The concept of a “Store Within a Store” (SWAS) is a modern and innovative retail strategy where a distinct area within a larger retail establishment is specifically allocated and utilized by another brand or retailer to function as a semi-independent shop. This unique and mutually beneficial arrangement enables the guest brand or retailer to effectively display and sell its range of products within the physical boundaries of the host store.
In this setup, the guest store operates as a separate entity within the larger framework of the host store. It often maintains its own unique branding, design layout, and staff who are trained to represent the guest brand. This gives the guest brand an opportunity to create a unique shopping experience for customers within the larger store.
This strategic approach is employed by brands and retailers for a variety of reasons. One of the primary advantages is that it allows for the expansion of market presence without the significant investment required to establish a standalone store. It provides an avenue for guest brands to reach new audiences and demographics, and to benefit from the established foot traffic and customer base of the host store.
SWAS is particularly prevalent in department stores, shopping malls, or other retail environments where multiple brands coexist under the same roof. This arrangement offers a mutually beneficial scenario for both the host and guest retailers. The host retailer benefits from an increased variety of products, potentially attracting more customers, while the guest retailer gains exposure and access to a larger customer base without the need for a significant capital outlay.
What are Some Potential Benefits of SWAS?

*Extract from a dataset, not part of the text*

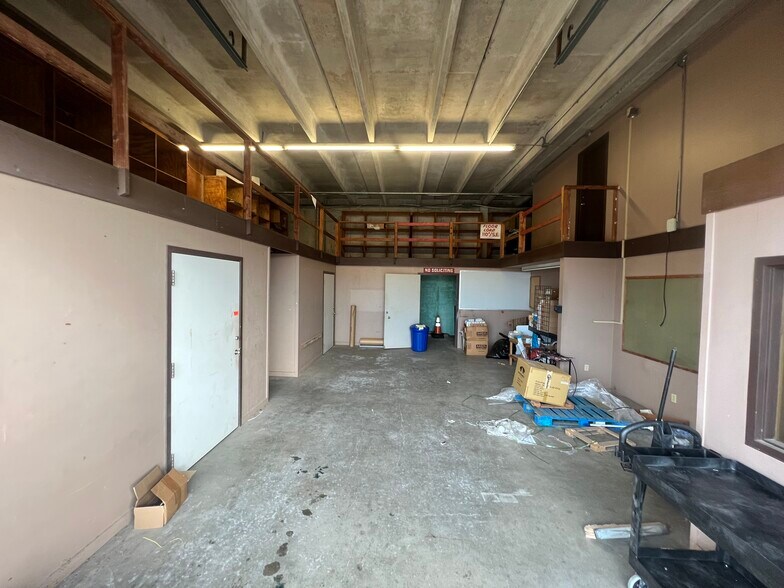 More Photos Of 205 Profit Dr, Victoria Showroom For Sale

When we observe the modern retail landscape, we are led to ask, “Why are more and more brands opting for the store-within-a-store model?” This question has become increasingly relevant and pressing with the rise and proliferation of the store-in-store concept. Naturally, the answer to this query is not singular or straightforward, but rather multifaceted.
The store-within-a-store model is beneficial for everyone involved – the host store, the guest store, and especially the customers. To understand why this model is becoming popular, we need to look at it from different perspectives, starting with the guest store.

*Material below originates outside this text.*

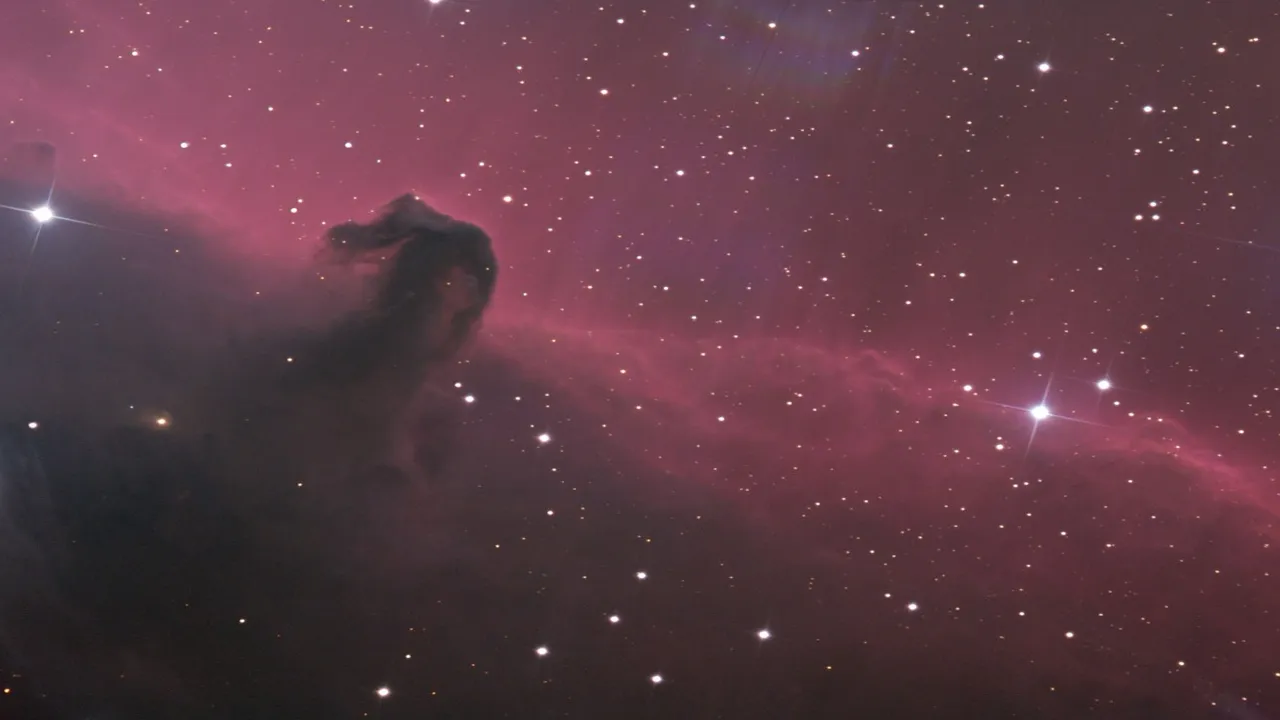 James Webb Uzay Teleskobu’ndan muhteşem görüntü: Atbaşı Bulutsusu’nu yakalamayı başardı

Perspective of Guest Store:
- The concept of the store-within-a-store (SWAS) represents a critical strategy for guest stores seeking to broaden their reach and appeal to diverse audiences. This approach provides a unique platform to showcase their products and services to a wider market.

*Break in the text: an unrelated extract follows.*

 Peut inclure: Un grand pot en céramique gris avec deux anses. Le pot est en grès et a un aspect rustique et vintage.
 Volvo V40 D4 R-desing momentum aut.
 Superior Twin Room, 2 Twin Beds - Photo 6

- For companies that may be uncertain about the feasibility of opening large, standalone stores in specific regions, this model serves as an innovative solution. It allows them to conduct market research, and in the process, increase their visibility in regions where their presence may not be as robust.
- Economically, the guest retailer stands to gain a significant cost advantage by establishing mini stores within larger, more established stores. This strategy allows them to enjoy a retail presence at a fraction of the cost, thereby reducing substantial rental expenses.
- The guest store does not need to make extra efforts to attract customers. The foot traffic generated by the main store naturally facilitates product visibility, thereby increasing potential sales rates. This built-in customer base is a significant advantage of the SWAS model.
- Lastly, opportunities for cross-promotions with the host store present themselves. These promotional activities, when executed effectively, can further boost sales and revenues for both parties involved, creating a mutually beneficial partnership.
Perspective of Home Store:
- Host retailers employ sophisticated data analysis tools such as heatmap and zone analytics, derived from people counting solutions. These tools allow them to pinpoint low-traffic areas within their stores. Once identified, they make the strategic decision to lease these spaces, effectively transforming them from underutilized areas into productive, revenue-generating zones.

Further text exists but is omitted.